*Task prompt*: Return every line of the data below, exactly.

*Supplied material*:
···

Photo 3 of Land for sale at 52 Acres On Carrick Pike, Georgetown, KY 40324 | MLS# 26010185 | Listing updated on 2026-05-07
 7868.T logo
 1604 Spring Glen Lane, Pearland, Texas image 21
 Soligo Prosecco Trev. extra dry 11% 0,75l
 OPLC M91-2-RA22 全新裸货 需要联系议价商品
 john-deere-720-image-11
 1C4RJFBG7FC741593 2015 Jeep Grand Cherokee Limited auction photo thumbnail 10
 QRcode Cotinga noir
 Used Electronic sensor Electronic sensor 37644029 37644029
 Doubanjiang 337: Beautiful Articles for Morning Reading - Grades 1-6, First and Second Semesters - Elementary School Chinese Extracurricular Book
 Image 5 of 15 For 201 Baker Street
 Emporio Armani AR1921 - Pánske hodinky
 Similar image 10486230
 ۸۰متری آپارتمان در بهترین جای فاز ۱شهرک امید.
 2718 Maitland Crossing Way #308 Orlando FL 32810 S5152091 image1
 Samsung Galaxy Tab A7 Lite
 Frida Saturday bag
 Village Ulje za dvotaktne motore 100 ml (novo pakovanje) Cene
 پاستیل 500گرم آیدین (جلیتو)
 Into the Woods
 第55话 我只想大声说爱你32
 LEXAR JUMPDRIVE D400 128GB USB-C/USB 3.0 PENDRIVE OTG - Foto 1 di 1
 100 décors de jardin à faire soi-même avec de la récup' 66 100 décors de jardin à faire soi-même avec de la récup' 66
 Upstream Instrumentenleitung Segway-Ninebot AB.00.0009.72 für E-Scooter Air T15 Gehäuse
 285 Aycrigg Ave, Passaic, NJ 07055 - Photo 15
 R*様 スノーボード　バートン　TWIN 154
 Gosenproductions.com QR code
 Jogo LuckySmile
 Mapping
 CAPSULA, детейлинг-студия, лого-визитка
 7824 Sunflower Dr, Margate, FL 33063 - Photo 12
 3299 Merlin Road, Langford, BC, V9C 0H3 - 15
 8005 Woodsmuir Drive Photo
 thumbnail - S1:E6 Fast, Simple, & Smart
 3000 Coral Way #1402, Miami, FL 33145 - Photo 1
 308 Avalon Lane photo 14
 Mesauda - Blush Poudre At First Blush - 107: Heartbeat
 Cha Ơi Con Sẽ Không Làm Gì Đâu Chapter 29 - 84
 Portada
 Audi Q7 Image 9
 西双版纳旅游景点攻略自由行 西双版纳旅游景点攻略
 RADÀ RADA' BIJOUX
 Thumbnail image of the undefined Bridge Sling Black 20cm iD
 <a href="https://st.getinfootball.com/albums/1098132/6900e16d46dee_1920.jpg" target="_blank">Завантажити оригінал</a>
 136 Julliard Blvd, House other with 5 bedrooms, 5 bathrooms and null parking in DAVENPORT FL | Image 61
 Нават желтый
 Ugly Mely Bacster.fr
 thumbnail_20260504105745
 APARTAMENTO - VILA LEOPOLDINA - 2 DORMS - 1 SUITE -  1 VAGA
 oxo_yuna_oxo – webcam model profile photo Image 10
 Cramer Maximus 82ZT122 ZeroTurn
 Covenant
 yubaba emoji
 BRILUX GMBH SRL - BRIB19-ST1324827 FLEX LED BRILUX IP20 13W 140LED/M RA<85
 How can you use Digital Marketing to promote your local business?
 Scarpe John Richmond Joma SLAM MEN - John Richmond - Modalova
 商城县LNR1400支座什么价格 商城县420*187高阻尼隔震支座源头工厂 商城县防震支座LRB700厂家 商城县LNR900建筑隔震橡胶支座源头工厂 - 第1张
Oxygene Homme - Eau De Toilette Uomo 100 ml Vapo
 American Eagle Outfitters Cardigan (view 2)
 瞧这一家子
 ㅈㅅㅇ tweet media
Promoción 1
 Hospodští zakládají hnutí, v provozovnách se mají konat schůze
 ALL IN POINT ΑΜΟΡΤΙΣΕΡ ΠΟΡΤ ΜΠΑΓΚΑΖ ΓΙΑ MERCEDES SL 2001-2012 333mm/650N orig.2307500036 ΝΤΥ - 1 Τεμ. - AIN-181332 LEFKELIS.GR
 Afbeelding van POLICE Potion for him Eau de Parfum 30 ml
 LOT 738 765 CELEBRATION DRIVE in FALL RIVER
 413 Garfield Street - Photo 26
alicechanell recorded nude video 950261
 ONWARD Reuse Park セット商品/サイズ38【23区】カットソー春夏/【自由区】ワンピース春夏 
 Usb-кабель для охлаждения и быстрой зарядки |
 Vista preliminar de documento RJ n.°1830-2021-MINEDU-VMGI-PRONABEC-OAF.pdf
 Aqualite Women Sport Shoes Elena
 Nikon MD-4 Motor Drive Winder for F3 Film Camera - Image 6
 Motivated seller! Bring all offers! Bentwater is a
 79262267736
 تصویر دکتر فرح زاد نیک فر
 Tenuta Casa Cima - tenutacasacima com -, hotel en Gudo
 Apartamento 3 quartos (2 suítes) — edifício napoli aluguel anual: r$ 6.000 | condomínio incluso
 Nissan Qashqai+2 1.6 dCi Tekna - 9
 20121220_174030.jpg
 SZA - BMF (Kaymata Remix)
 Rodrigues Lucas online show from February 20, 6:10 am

···

*Task answer*:
Photo 3 of Land for sale at 52 Acres On Carrick Pike, Georgetown, KY 40324 | MLS# 26010185 | Listing updated on 2026-05-07
 7868.T logo
 1604 Spring Glen Lane, Pearland, Texas image 21
 Soligo Prosecco Trev. extra dry 11% 0,75l
 OPLC M91-2-RA22 全新裸货 需要联系议价商品
 john-deere-720-image-11
 1C4RJFBG7FC741593 2015 Jeep Grand Cherokee Limited auction photo thumbnail 10
 QRcode Cotinga noir
 Used Electronic sensor Electronic sensor 37644029 37644029
 Doubanjiang 337: Beautiful Articles for Morning Reading - Grades 1-6, First and Second Semesters - Elementary School Chinese Extracurricular Book
 Image 5 of 15 For 201 Baker Street
 Emporio Armani AR1921 - Pánske hodinky
 Similar image 10486230
 ۸۰متری آپارتمان در بهترین جای فاز ۱شهرک امید.
 2718 Maitland Crossing Way #308 Orlando FL 32810 S5152091 image1
 Samsung Galaxy Tab A7 Lite
 Frida Saturday bag
 Village Ulje za dvotaktne motore 100 ml (novo pakovanje) Cene
 پاستیل 500گرم آیدین (جلیتو)
 Into the Woods
 第55话 我只想大声说爱你32
 LEXAR JUMPDRIVE D400 128GB USB-C/USB 3.0 PENDRIVE OTG - Foto 1 di 1
 100 décors de jardin à faire soi-même avec de la récup' 66 100 décors de jardin à faire soi-même avec de la récup' 66
 Upstream Instrumentenleitung Segway-Ninebot AB.00.0009.72 für E-Scooter Air T15 Gehäuse
 285 Aycrigg Ave, Passaic, NJ 07055 - Photo 15
 R*様 スノーボード　バートン　TWIN 154
 Gosenproductions.com QR code
 Jogo LuckySmile
 Mapping
 CAPSULA, детейлинг-студия, лого-визитка
 7824 Sunflower Dr, Margate, FL 33063 - Photo 12
 3299 Merlin Road, Langford, BC, V9C 0H3 - 15
 8005 Woodsmuir Drive Photo
 thumbnail - S1:E6 Fast, Simple, & Smart
 3000 Coral Way #1402, Miami, FL 33145 - Photo 1
 308 Avalon Lane photo 14
 Mesauda - Blush Poudre At First Blush - 107: Heartbeat
 Cha Ơi Con Sẽ Không Làm Gì Đâu Chapter 29 - 84
 Portada
 Audi Q7 Image 9
 西双版纳旅游景点攻略自由行 西双版纳旅游景点攻略
 RADÀ RADA' BIJOUX
 Thumbnail image of the undefined Bridge Sling Black 20cm iD
 <a href="https://st.getinfootball.com/albums/1098132/6900e16d46dee_1920.jpg" target="_blank">Завантажити оригінал</a>
 136 Julliard Blvd, House other with 5 bedrooms, 5 bathrooms and null parking in DAVENPORT FL | Image 61
 Нават желтый
 Ugly Mely Bacster.fr
 thumbnail_20260504105745
 APARTAMENTO - VILA LEOPOLDINA - 2 DORMS - 1 SUITE -  1 VAGA
 oxo_yuna_oxo – webcam model profile photo Image 10
 Cramer Maximus 82ZT122 ZeroTurn
 Covenant
 yubaba emoji
 BRILUX GMBH SRL - BRIB19-ST1324827 FLEX LED BRILUX IP20 13W 140LED/M RA<85
 How can you use Digital Marketing to promote your local business?
 Scarpe John Richmond Joma SLAM MEN - John Richmond - Modalova
 商城县LNR1400支座什么价格 商城县420*187高阻尼隔震支座源头工厂 商城县防震支座LRB700厂家 商城县LNR900建筑隔震橡胶支座源头工厂 - 第1张
Oxygene Homme - Eau De Toilette Uomo 100 ml Vapo
 American Eagle Outfitters Cardigan (view 2)
 瞧这一家子
 ㅈㅅㅇ tweet media
Promoción 1
 Hospodští zakládají hnutí, v provozovnách se mají konat schůze
 ALL IN POINT ΑΜΟΡΤΙΣΕΡ ΠΟΡΤ ΜΠΑΓΚΑΖ ΓΙΑ MERCEDES SL 2001-2012 333mm/650N orig.2307500036 ΝΤΥ - 1 Τεμ. - AIN-181332 LEFKELIS.GR
 Afbeelding van POLICE Potion for him Eau de Parfum 30 ml
 LOT 738 765 CELEBRATION DRIVE in FALL RIVER
 413 Garfield Street - Photo 26
alicechanell recorded nude video 950261
 ONWARD Reuse Park セット商品/サイズ38【23区】カットソー春夏/【自由区】ワンピース春夏 
 Usb-кабель для охлаждения и быстрой зарядки |
 Vista preliminar de documento RJ n.°1830-2021-MINEDU-VMGI-PRONABEC-OAF.pdf
 Aqualite Women Sport Shoes Elena
 Nikon MD-4 Motor Drive Winder for F3 Film Camera - Image 6
 Motivated seller! Bring all offers! Bentwater is a
 79262267736
 تصویر دکتر فرح زاد نیک فر
 Tenuta Casa Cima - tenutacasacima com -, hotel en Gudo
 Apartamento 3 quartos (2 suítes) — edifício napoli aluguel anual: r$ 6.000 | condomínio incluso
 Nissan Qashqai+2 1.6 dCi Tekna - 9
 20121220_174030.jpg
 SZA - BMF (Kaymata Remix)
 Rodrigues Lucas online show from February 20, 6:10 am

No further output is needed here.